The Civilian Government promised to “create a new Korea” and staked the fate of that promise on fighting and eliminating corruption. Audits and inspections were conducted at an unprecedented level of rigor and severity, and punishments meted out accordingly. The first noteworthy outcome of the Civilian Government’s anti-corruption drive was the increased autonomy, stature, and authority of the BAI. The Civilian Government’s audit and inspection campaign also helped to reform the state of personnel management in the military and keep high-ranking officials in check. In addition to strengthening the investigation and punishment of corrupt government employees, the Civilian Government also distinguished itself from its predecessors by pursuing legislative and institutional reforms aimed at preventing corruption, reforms which included expanding and reinforcing the obligation of wealth disclosure among government employees and use of the Real-Name Financial Transaction System, and amending the PSEA and enacting the Information Disclosure Act and the Administrative Procedure Act.
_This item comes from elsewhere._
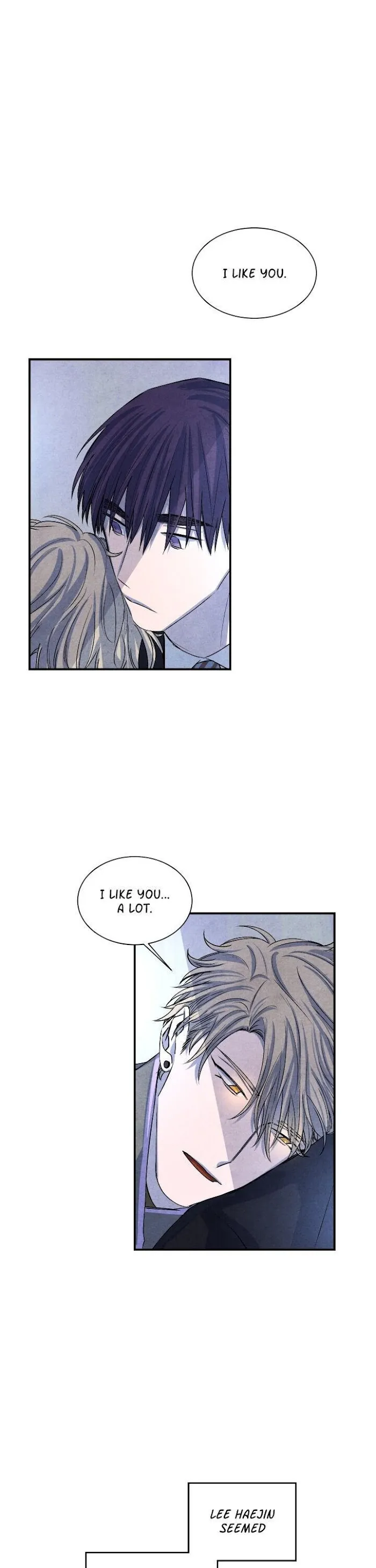 When the Star Sleeps Chapter 31 page 13 -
These efforts for preventing corruption also naturally encouraged and multiplied nongovernmental organizations’ commitment to fighting corruption in civil society.

 

In the end, however, the Civilian Government still failed to achieve an overarching, comprehensive anti-corruption program, with most of its anti-corruption efforts relying on the strong determination of President Kim. In other words, anti-corruption in the Korean government was still a matter of presidential commitment, and the mode in which governmental anti-corruption efforts were decided, carried out, and directed remained authoritarian. Governmental anti-corruption campaigns were coercive and top-down for the most part during this period, and eventually lost their impetus when the President’s son was involved in the biggest corruption scandal of the Kim administration, and the Foreign Exchange Crisis hit Korea. Moreover, such leader-centered, audit-and-inspection-based anti-corruption efforts could not evade charges of being politically motivated, and as such failed to prove to the public their necessity. Even so the Civilian Government should be recognized for the comprehensive scope of its reforms which were aimed at breaking the circle of corruption upheld by the uncomfortably close relationship between politicians and corporations, and for its success in improving anti-corruption institutions and systems, including the audit and inspection process. The Civilian Government also deserves credit for maintaining a consistent and tenacious approach to audit and inspection and institutional improvement throughout most of its term.